Here, of the 292 claims previously submitted, petitioner established that 159 were denied in June 1997. Regardless of whether the Department later agreed to reexamine these claims, it is evident that it considered new evidence with respect to only those claims resubmitted thereafter. Accordingly, to the extent petitioner challenges any of the 159 claims that were not resubmitted, this proceeding is untimely because it was commenced in December 1997, more than four months after CSC denied the claims (see, CPLR 217). Supreme Court therefore erred in directing the Department to review all 292 claims submitted on May 15, 1997.
However, because the record is not clear as to the disposition of the remaining claims, including the 69 claims submitted to the Bureau, the Department has failed to establish that petitioner's challenge was untimely as to these claims. Therefore, petitioner is entitled to a review of any of these claims which were denied based solely on its failure to obtain prior approval (to the extent reimbursement has not already been granted). In that regard, we conclude that Supreme Court did not intend to shift the burden concerning the medical necessity requirement to the Department but rather ordered review of the claims under the statutory and regulatory framework, without imposition of the prior approval requirement. To the extent the court's direction that the Department issue "a detailed explanation of their findings" is inconsistent with the Department's obligation under that framework to communicate the basis for its denial of reimbursement claims, we vacate the directive.
At oral argument, the Department indicated that the 69 claims had been denied prior to May 15, 1997 and argued that their resubmission on that date was merely a request for reconsideration to which the Department was not required to respond and which did not toll the Statute of Limitations.

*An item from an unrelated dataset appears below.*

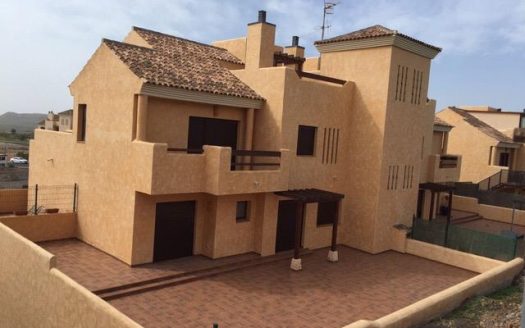 Precioso chalet en Amarilla Golf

We see no indication in the record that this fact was brought to the attention of Supreme Court and note that in the affidavit submitted the Department stated only that these claims "were not processed". Accordingly, we cannot say that Supreme Court erred in finding that the Department failed to meet its burden of establishing that the petition was untimely insofar as it challenged the disposition of these 69 claims.

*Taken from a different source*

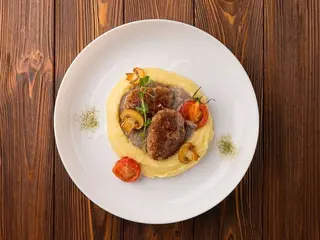 Котлети з картопляним пюре та грибним соусом (310g)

We have considered the parties' remaining contentions and find them to be without merit.
Crew III, J.P., Peters, Carpinello and Mugglin, JJ., concur.
ORDERED that the judgment is modified, on the law, without costs, by deleting so much of the fourth ordered paragraph therein that directs respondent Department of Health to review any of the 159 claims denied on June 15, 1997 and so much of the fifth ordered paragraph therein that requires the Department to issue detailed findings; the Department is directed to review any of the remaining 133 claims submitted on May 15, 1997 which were denied based solely on the failure to obtain prior approval and for which petitioner was not later granted reimbursement; and, as so modified, affirmed.